# [REQUIRED ACTION]
Find the string "from" in the data, then copy every line where it is found.

---------- RECORDS SUPPLIED ----------

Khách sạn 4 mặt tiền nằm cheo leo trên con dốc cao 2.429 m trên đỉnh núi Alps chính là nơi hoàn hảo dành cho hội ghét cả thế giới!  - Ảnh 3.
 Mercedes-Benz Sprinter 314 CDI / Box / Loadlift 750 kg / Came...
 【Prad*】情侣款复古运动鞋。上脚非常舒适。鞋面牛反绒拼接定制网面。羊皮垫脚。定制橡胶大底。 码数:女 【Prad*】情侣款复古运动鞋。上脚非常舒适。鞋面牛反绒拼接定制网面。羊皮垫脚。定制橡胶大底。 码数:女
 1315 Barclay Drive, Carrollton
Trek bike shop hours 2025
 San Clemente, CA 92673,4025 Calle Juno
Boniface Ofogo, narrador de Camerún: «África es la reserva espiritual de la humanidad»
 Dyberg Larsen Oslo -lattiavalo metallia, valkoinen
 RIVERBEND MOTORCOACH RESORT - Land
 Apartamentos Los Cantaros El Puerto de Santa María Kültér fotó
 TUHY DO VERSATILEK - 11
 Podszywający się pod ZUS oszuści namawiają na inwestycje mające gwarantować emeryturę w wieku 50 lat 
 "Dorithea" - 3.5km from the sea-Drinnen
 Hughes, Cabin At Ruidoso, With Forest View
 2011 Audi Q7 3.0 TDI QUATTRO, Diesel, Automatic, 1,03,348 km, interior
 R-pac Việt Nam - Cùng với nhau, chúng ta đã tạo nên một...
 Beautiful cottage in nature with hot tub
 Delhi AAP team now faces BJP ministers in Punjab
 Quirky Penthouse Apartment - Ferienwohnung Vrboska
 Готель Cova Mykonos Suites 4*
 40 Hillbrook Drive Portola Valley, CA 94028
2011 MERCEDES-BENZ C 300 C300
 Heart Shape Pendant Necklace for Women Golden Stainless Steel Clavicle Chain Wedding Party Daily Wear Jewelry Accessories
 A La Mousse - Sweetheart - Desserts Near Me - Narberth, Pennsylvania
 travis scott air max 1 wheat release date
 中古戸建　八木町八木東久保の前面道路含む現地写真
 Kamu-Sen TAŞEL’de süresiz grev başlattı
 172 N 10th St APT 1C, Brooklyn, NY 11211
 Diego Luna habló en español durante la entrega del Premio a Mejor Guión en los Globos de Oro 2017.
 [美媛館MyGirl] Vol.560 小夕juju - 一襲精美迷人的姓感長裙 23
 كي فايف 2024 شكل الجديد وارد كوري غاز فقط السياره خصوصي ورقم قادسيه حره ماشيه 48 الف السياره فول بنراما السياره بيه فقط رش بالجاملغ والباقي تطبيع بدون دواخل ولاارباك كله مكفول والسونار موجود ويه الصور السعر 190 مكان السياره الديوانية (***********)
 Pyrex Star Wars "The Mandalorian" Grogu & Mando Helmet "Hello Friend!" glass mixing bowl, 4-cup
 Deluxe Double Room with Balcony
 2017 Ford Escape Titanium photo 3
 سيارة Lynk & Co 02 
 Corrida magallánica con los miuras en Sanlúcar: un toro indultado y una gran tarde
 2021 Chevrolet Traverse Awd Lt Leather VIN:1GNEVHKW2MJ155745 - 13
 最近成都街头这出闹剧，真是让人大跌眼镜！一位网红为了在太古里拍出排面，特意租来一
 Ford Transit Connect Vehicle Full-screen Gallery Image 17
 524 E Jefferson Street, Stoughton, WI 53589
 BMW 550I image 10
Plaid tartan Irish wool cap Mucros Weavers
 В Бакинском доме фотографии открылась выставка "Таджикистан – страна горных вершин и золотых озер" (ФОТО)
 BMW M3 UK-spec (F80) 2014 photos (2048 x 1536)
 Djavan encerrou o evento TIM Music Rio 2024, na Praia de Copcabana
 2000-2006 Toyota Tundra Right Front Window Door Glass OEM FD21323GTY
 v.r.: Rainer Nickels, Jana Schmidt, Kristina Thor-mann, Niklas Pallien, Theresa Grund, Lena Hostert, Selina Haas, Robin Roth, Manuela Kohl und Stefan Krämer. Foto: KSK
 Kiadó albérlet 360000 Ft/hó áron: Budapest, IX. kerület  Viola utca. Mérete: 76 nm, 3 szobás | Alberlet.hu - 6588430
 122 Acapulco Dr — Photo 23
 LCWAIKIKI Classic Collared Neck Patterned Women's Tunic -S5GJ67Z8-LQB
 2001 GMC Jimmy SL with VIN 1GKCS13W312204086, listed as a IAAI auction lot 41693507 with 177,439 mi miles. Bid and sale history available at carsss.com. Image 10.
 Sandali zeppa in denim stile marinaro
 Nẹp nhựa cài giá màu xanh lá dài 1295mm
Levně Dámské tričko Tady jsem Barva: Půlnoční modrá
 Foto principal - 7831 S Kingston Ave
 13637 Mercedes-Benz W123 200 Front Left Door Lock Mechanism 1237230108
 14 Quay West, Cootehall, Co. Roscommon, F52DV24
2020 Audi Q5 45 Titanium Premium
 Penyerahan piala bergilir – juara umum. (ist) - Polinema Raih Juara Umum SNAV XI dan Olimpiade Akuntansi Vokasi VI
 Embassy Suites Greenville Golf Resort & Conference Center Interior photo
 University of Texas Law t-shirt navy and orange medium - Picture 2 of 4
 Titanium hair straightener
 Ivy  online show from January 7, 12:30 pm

----------

# [ANSWER FOR THIS EXERCISE]
 "Dorithea" - 3.5km from the sea-Drinnen
 Ivy  online show from January 7, 12:30 pm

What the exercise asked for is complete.